Ping; did anything ever happen with this?
(In reply to Brooks Moses from comment #20) > Ping; did anything ever happen with this? No, but it would be awesome if someone moved this forward. Unfortunately Don doesn't have a copyright assignment as far as I can tell, so please don't look at the code in this patch if you plan to implement it. Instead I suggest we look at bug 17645: https://sourceware.org/bugzilla/show_bug.cgi?id=17645 Fedora bug: https://bugzilla.redhat.com/show_bug.cgi?id=1162810 libc-alpha post: https://sourceware.org/ml/libc-alpha/2014-11/msg00702.html And take a serious look at Paulo's work. It still needs someone to write a test that actually does some decent coverage over the permutation of DT_NEEDED trees.
(In reply to Carlos O'Donell from comment #21) > And take a serious look at Paulo's work. In full disclosure, Paulo works at Red Hat.

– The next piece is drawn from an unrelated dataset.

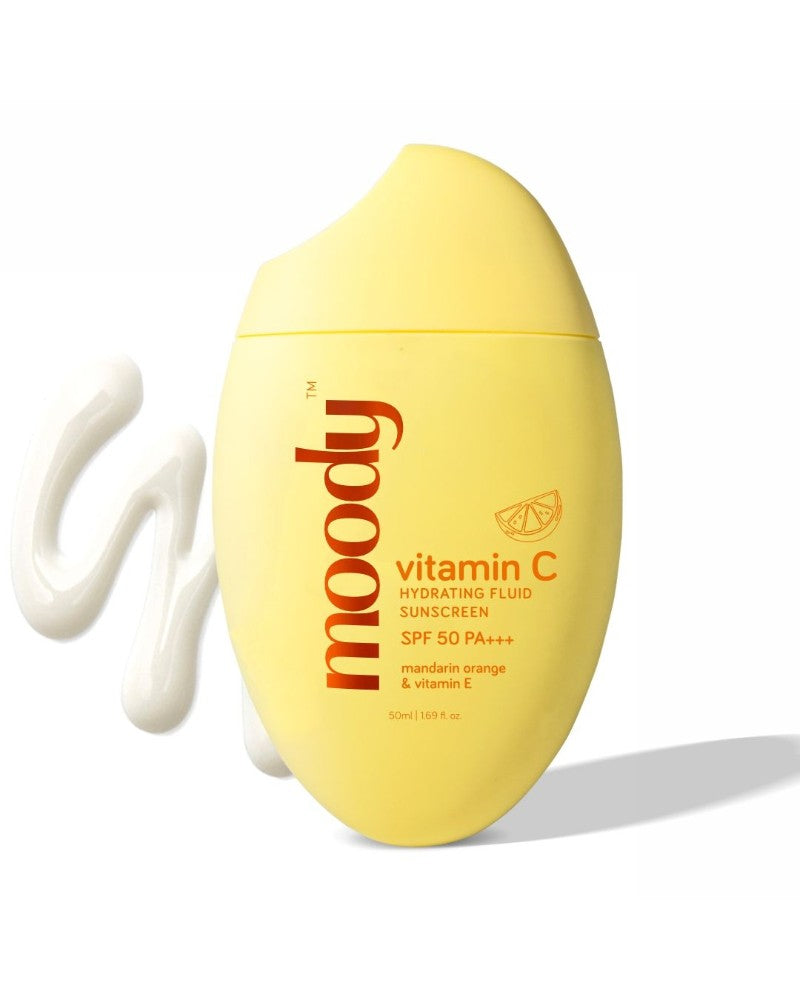 Moody Vitamin C Hydrating Fluid Sunscreen SPF 50 PA+++ - (50 ml)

Did this get accepted and committed for a given release of glibc? Or is it still waiting for someone to write a test that does the coverage over the permutation of DT_NEEDED trees?

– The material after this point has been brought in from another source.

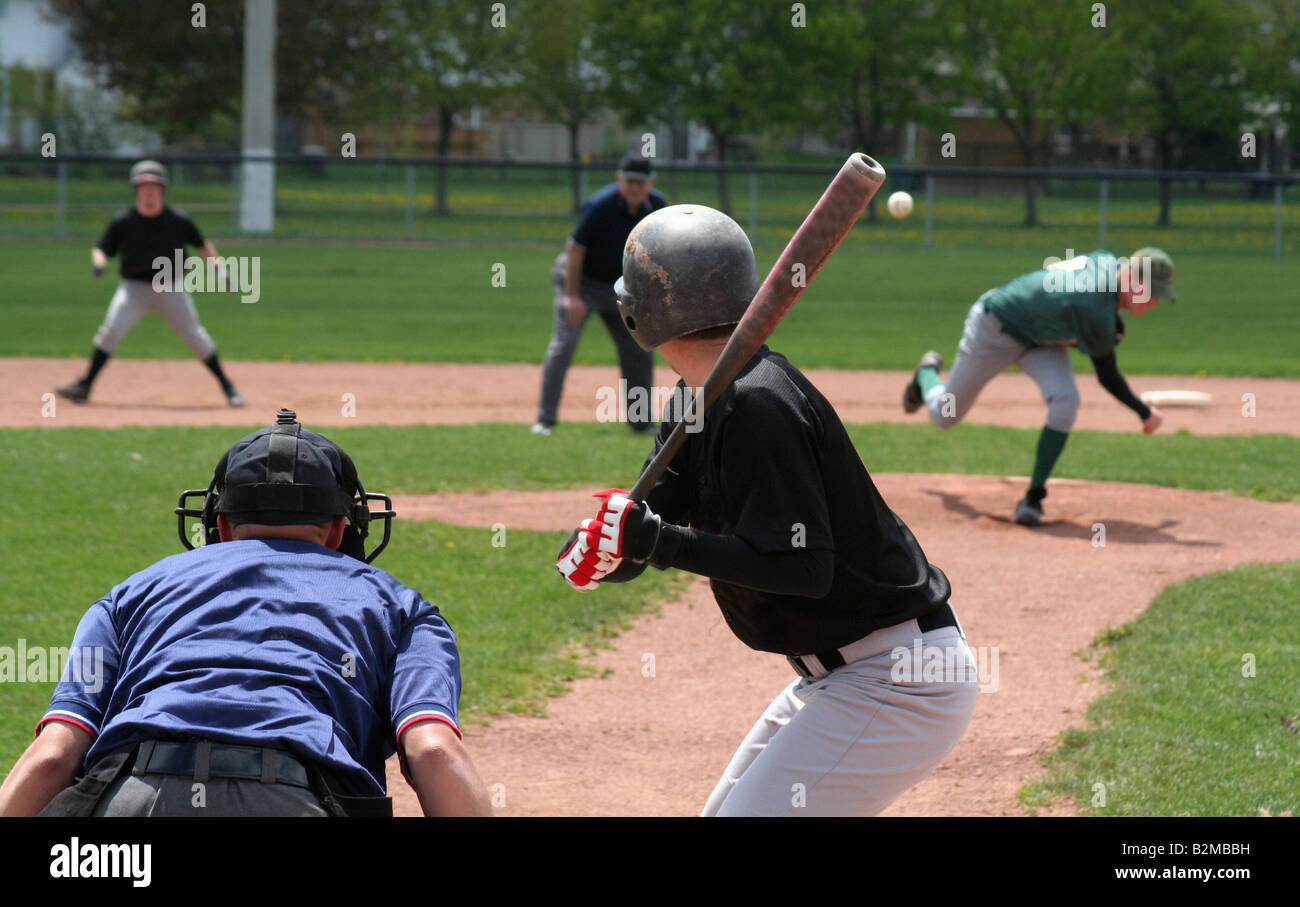 Batter catcher umpire wait pitch hires stock photography and images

(In reply to Patrick Stahr from comment #23) > Did this get accepted and committed for a given release of glibc? Or is it > still waiting for someone to write a test that does the coverage over the > permutation of DT_NEEDED trees? This is not fixed in any version of glibc. Yes, we still need better coverage testing of the permutation of DT_NEEDED trees to ensure the loader is doing the right thing. Each tree needs to verify it was loaded in the correct order.

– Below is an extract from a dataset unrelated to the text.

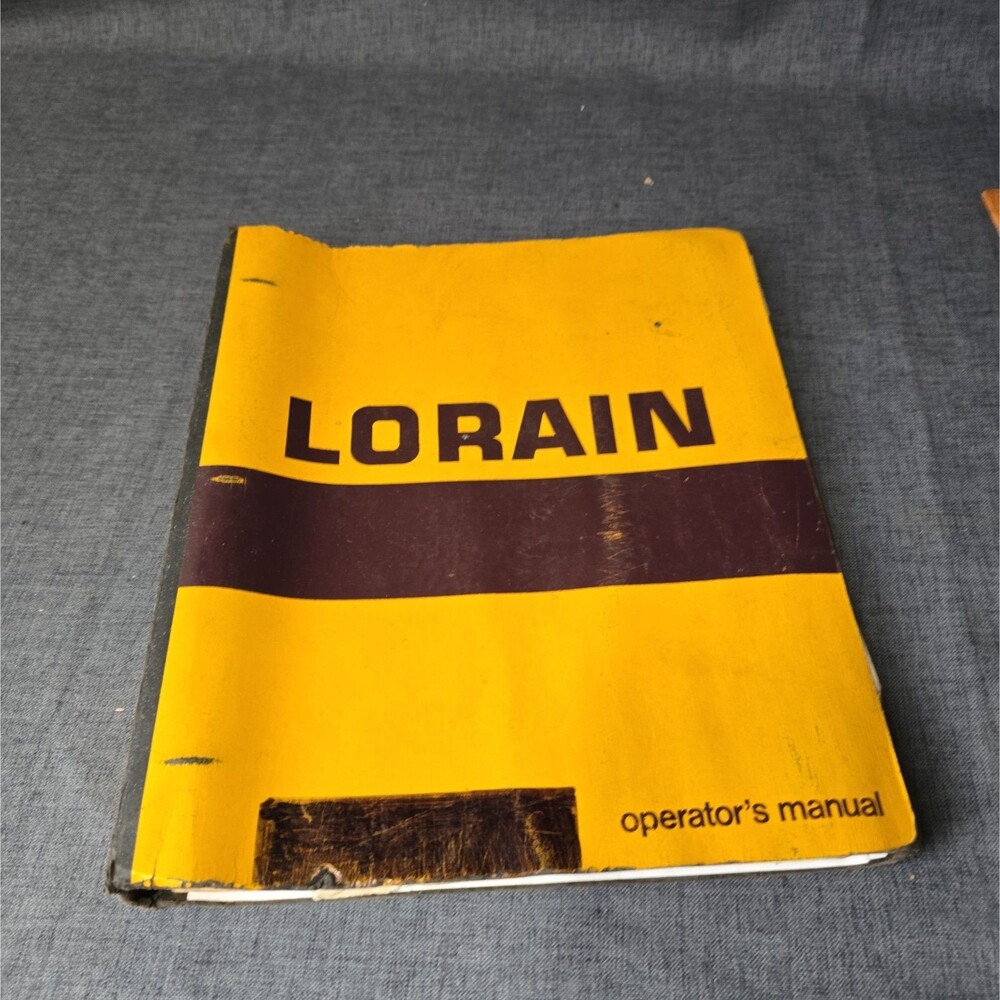Original Operator Manual For Koehring Lorain LRT 15H Crane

(In reply to Don Hatch from comment #3) > I'll submit it here in a day or two. Hello from 2019. We're still suffering from O(n^3). Don, unfortunately you haven't published your code anywhere (even if it still lacks an exhaustive set of tests). For those brave enough out there who would like to try solve this, here's a PDF named "A Space-Efficient Algorithm for Finding Strongly Connected Components" with non-recursive Tarjan SCC implementation: http://homepages.ecs.vuw.ac.nz/~djp/files/IPL15-preprint.pdf "Proposed initial patch" that is attached here is no longer needed because it only moves code around that was done in commit c2c299fd24e87b83c63191ff979d41a86b37d714 Author: Andreas Schwab <schwab@suse.de> Date: Tue Nov 7 15:24:19 2017 +0100 Consolidate link map sorting Combine the four places where link maps are sorted into a single function. This also moves the logic to skip the first map (representing the main binary) to the callers. So, there's currently only a single sorting function in elf/dl-sort-maps.c BTW, has anyone tried looking at how other libcs do this sorting? Maybe there's no need to reinvent the wheel?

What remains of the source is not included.